Он стянул шапку, и напарники увидели обмотанную бинтом голову.
Виктор помолчал и раздосадовано сказал:
– Знаешь, что я тебе скажу? Раз уж так случилось, – плюнь и разотри! Живой главное! Мало ли вокруг всяких подонков! Не все же такие! Что сделаешь, время сейчас такое.
– Что мне до всех! Мне этих хватает, – эхом отозвался Оник. Он помолчал и добавил:
– Не время, а люди такие… Отец говорил, – себя не люби, – людей люби! Он говорил, – армян много резали, уничтожали, а мы живы, потому что не озлобились… Не все умные, как мой отец, вот я и прощаю…
– Ну, знаешь, всех прощать, – голову отшибут! – вскинулся Стас. – Устанешь щеки подставлять!
– Вам, русским, хорошо говорить, – своя страна, свои законы! А мы всегда будем для вас вторым сортом…
Оник хотел что-то еще добавить, но тут в комнату ввалился Васька-амбал». Его развеселая физиономия искрилась неподдельной радостью:
– Ха, бабье раздухарилось! Видали, мужики, как Харицкая их всех на колбаску посадила!
Васька энергично исторг из себя руладу бравурных звуков, заменявших ему смех:
– Валька орала, как чувырла недорезанная… Вы чего кислые сидите? – остановился он вдруг на полуслове.
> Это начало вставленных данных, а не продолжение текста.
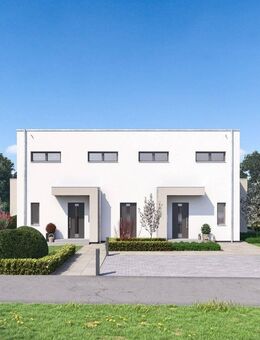 zusammen (aus)bauen - zusammen (ein)sparen - mit einem Doppelhaus - Kabelsketal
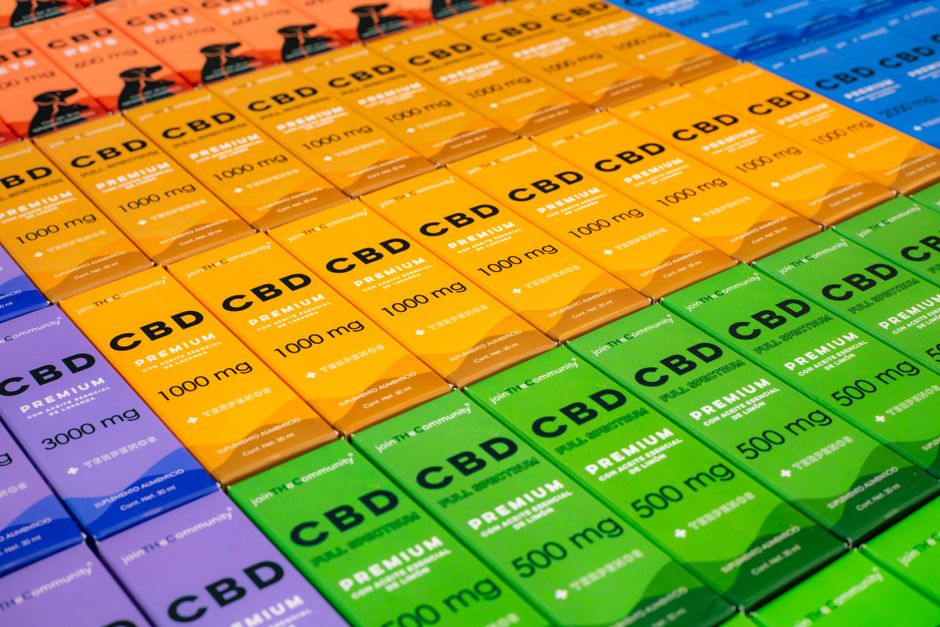 CBD product wholesale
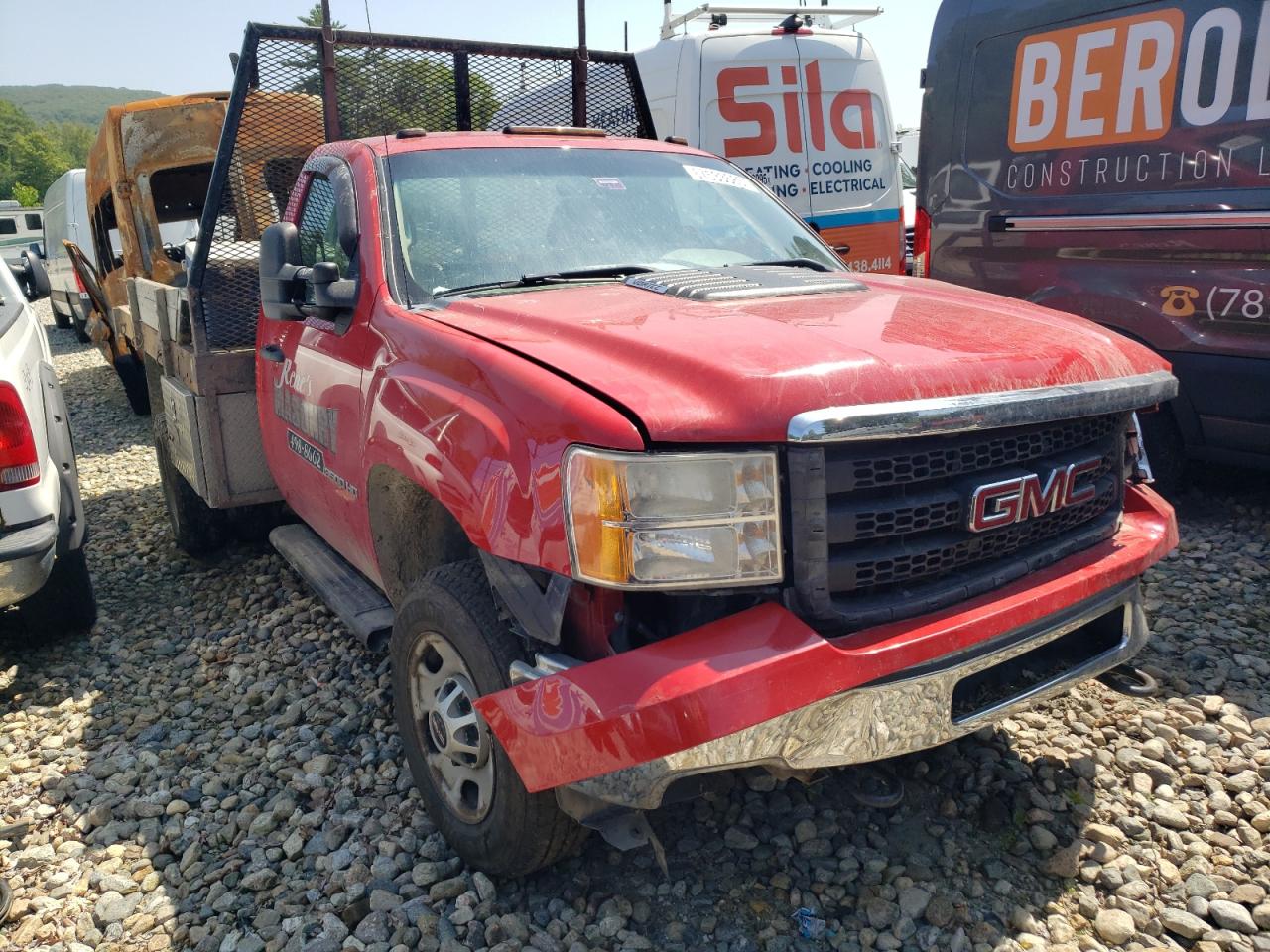 2013 GMC SIERRA VIN 1GT02ZCG0DZ100527 photo 4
– Да вон Оника какие-то уделали,
Васька, разглядев сидевшего против света Оника, снова заржал:
– Во наши дают! Они сейчас не разбирают, кто и откуда! Чешут всех подряд!
– Это кого чешут? – с ледяным спокойствием спросил Витя.
– Кого, кого! Кого надо… – уловив враждебные интонации, недобро зыркнул на него, Васька. Этот, мгновенно ставший злобным, взгляд сделал его лицо, еще сохранявшее маску веселья, жутким, как маска хэллоуина. – Не хрен сюда ехать кому ни попадя! Я к ним не еду и их не зову. Понятно?
– Н-да, мужик! Если следовать твоему принципу и дальше, то скоро мы в другом округе станем иностранцами, где местные будут чистить нам морды!
– И правильно сделают! Не хер соваться, куда не просят! Позовут – иди! А то лезут к нам всякие, как тараканы, хапают все, потому и живем, как нищие!